Ms. Nick said she believes as people are looking to move to the community, they look at population and other statistics.

Luckily, she said, the city’s seen an increase in residential unit activity — not just with single-family homes but also an increase in multi- family development — in order to support the growing population.

She said the city’s also seeing more commercial services and retail, which helps a growing community.

Additionally, she said, when the federal government is looking at allocating money, population is one thing that’s considered.

From a tourism perspective, Tyler reaching a population number of more than 100,000 would have a “trickle-down effect” from those who are considering the city for new business, said Shari Rickman, general manager and vice president for the Tyler Convention and Visitors Bureau. Crossing that threshold, there are likely a lot of potential candidates that look at the city, she said, and Tyler’s quality of life and guest experience come into play.

For instance, if the person notices the city has a lot to view and see when it comes to arts and culture and attractions, and that person has a nice hotel stay, then they feel like they aren’t in “Small Town, USA” but rather a small town with big city amenities, Ms. Rickman said.

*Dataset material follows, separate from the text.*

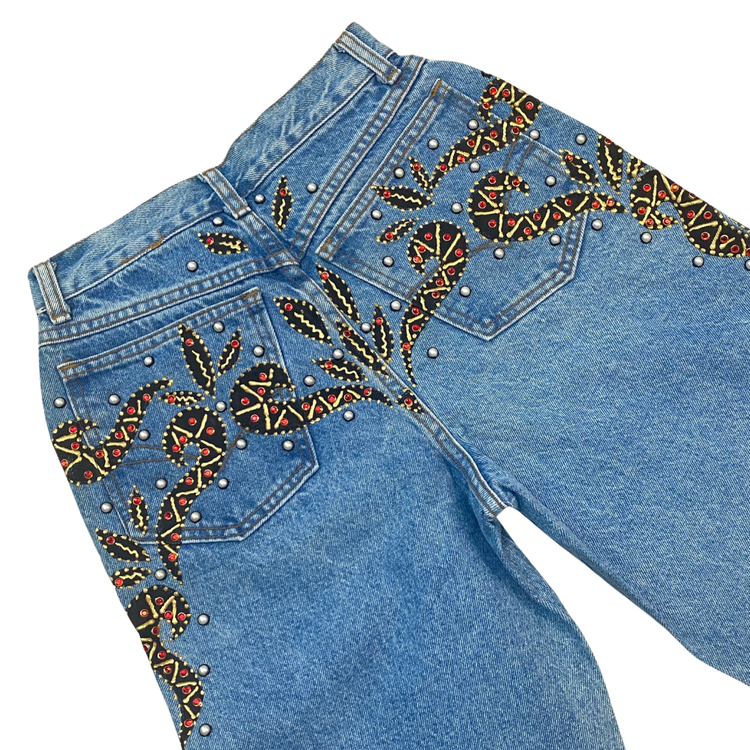 CRYSTAL AND PEARL HIGH WAISTED JEANS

She cited things, such as the planetarium and science center at Tyler Junior College, the American Freedom Museum at The Brook Hill School and recent upgrades that were made at Brookshire’s World of Wildlife and Country Store as examples.

“We offer a good answer to whatever people are interested in,” whether it’s riding a bike or seeing a performance at The University of Texas at Tyler’s R. Don Cowan Fine and Performing Arts Center, she said.

She said tourism overall is not driven by any magic population number but rather “What do you have that’s of interest to me?”

Still, she said, a population of more than 100,000 sounds different than a number under 100,000.

“It’s more of a round number, more raising an eyebrow of, ‘Wow, we didn’t know they were that big.’… It gets people’s attention,” she said.